PML-N govt paid $12bn on foreign loans obtained by previous regimes, NA told

Explaining the reasons behind the surge, the finance ministry said that public debt was mainly obtained to finance the fiscal deficit and was approved by the parliament. Some of the financing had to be done in the form of external loans, to supplement the domestic resources required to accelerate the pace of economic development and make positive contributions towards developing the country’s infrastructure base.

“These loans were obtained for financing of projects of national importance, budgetary and balance of payments support, earthquake and floods, rehabilitation assistance and import of urea and crude oil,” the ministry said. Another purpose of these loans was to build external buffers to protect against exchange rate volatility and absorb external shocks.

The ministry explained that domestic debt was perpetual in nature and mostly refinanced year-on-year, while most of the external loans contracted by the present government were ‘economical’ and dominated by long-term funding, which would be used to retire the corresponding amount of expensive domestic borrowings. External loans are repaid through budgetary allocations based on the amortisation schedule of each loan.

In its response, the ministry claimed that it had been able — over the past three years — to significantly reduce economic vulnerabilities and had implemented various growth-supporting structural reforms. This had resulted in an improvement in the country’s debt repayment capacity and had allowed it to control expenditures.

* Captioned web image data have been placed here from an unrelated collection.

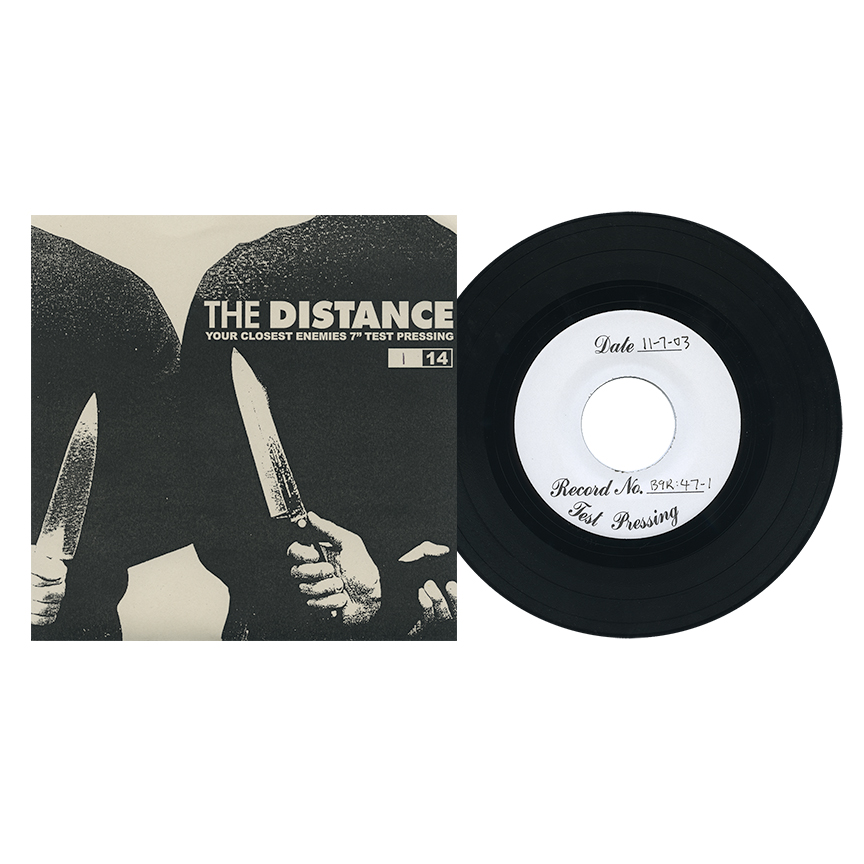 Test Press / 14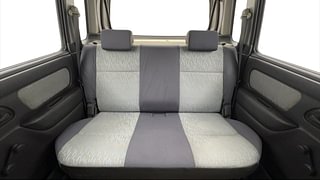 Used 2010 Maruti Suzuki Wagon R 1.0 [2006-2010] LXi Petrol Manual interior REAR SEAT CONDITION VIEW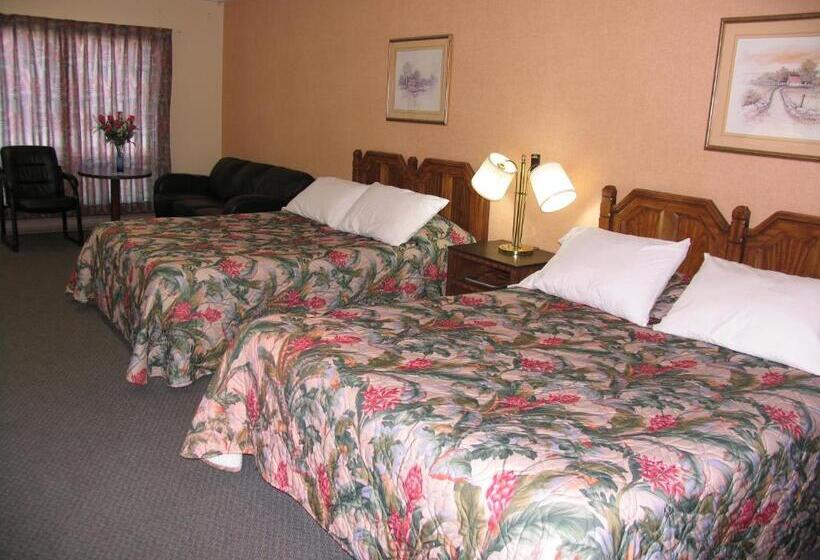 اتاق لوکس, Seven Oakes Motel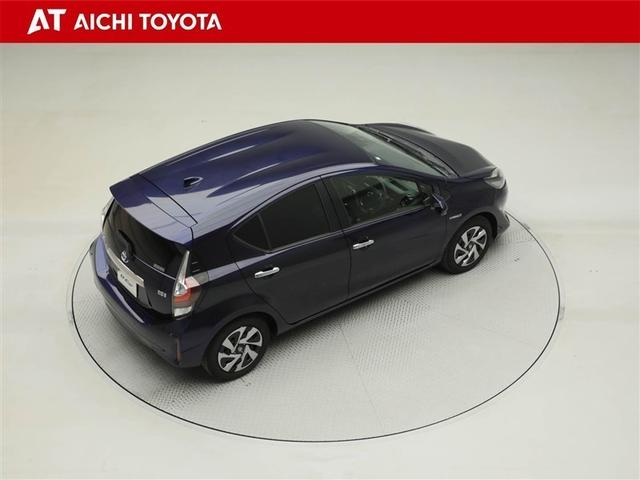 アクア Ｓスタイルブラック　ＡＵＸ端子　バックモニタ－　地デジフルセグ　ナビＴＶ　イモビライザー　ＬＥＤライト　スマートキープッシュスタート　１オーナー　ＥＴＣ付き　Ｗエアバッグ　キーフリ　メモリーナビゲーション　ドラレコ付き（14枚目）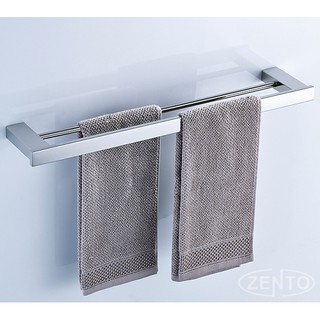 GIÁ TREO KHĂN KÉP ZENTO HC5809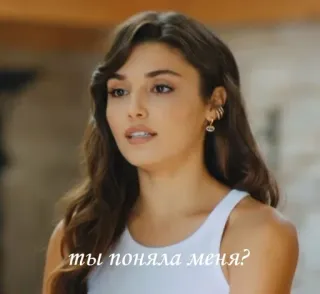 😡 4ba5665c ты поняла меня? telegram sticker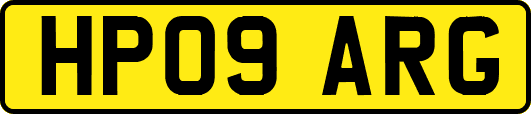 HP09ARG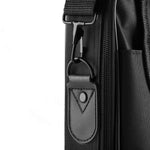 Maletín + Ratón Monray Bureau Kit para Portátiles hasta 16"/ Negro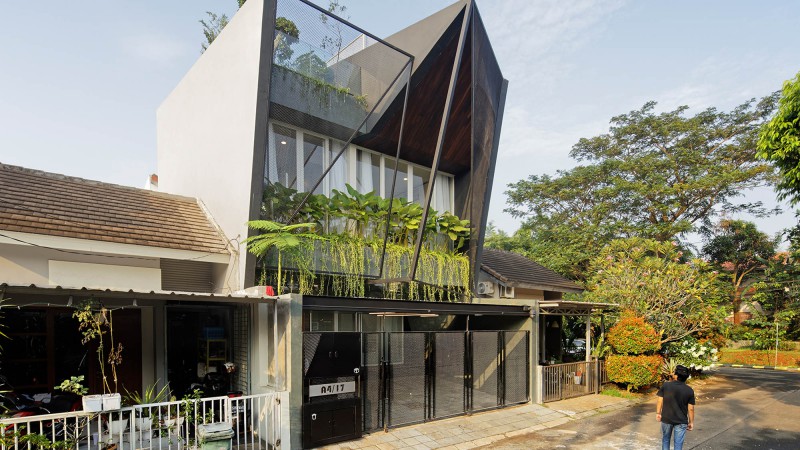 Ring之家，印度尼西亚，  Delution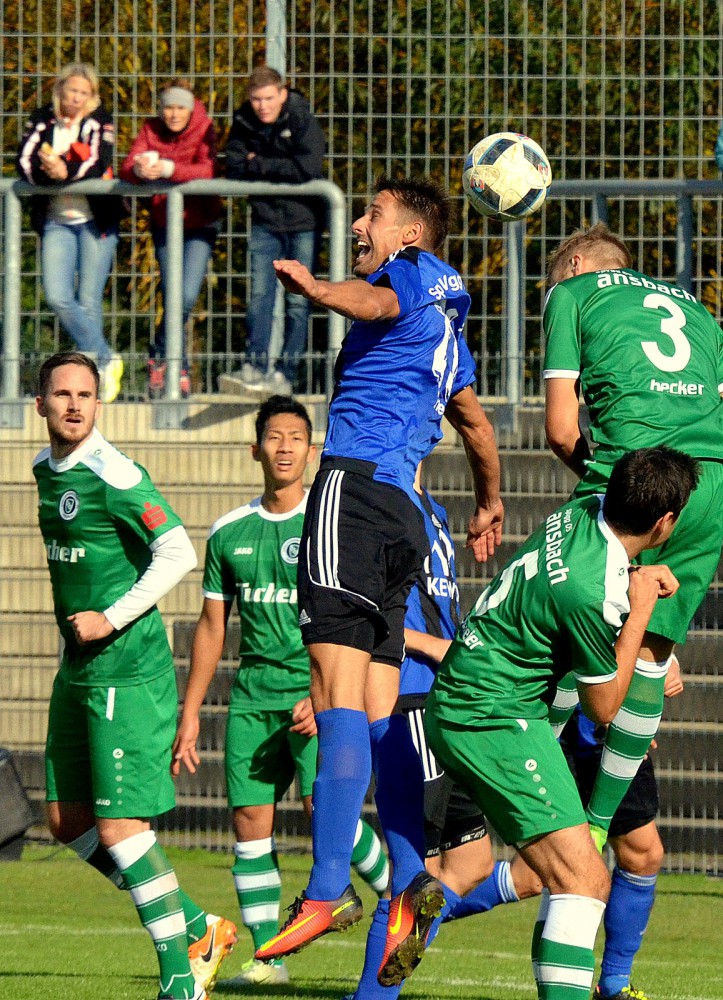 SpVgg SV Weiden stoppt vorerst ihre Talfahrt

For example, the national economy continued to maintain a growth momentum above four per cent for real gross domestic product (GDP) for three years in a row, reaching a growth rate of 4.71pc in 2015-16, the highest in eight years.

On top of that, economic growth was projected to continue its upward acceleration on the back of growth-supporting structural reforms, the ministry said, adding that development projects linked to the China-Pakistan Economic Corridor in the fields of energy and infrastructure were also expected to contribute an additional two percentage points to GDP growth in the years to come.

The government also claimed to have successfully brought down the fiscal deficit from 8.2pc of the GDP in 2012-13 to 4.6pc in 2015-16, with a target to further curtail the budget deficit at 3.8pc of GDP at the end of the current fiscal year, and restrict it to 3.5pc by FY 2018-19.

Moreover, the ministry claimed that despite repayments by the present government of foreign loans worth over $12bn that were obtained by the previous governments, foreign exchange reserves currently stood at over $23bn, up from the $11bn mark at the end of June 2013.

It also claimed to have reduced tax exemptions, leading the tax-to-GDP ratio to increase from 9.8pc in 2012-13 to 12.4pc of the GDP in 2015-16, while public sector investments increased from Rs348bn in 2013 to Rs800bn this year.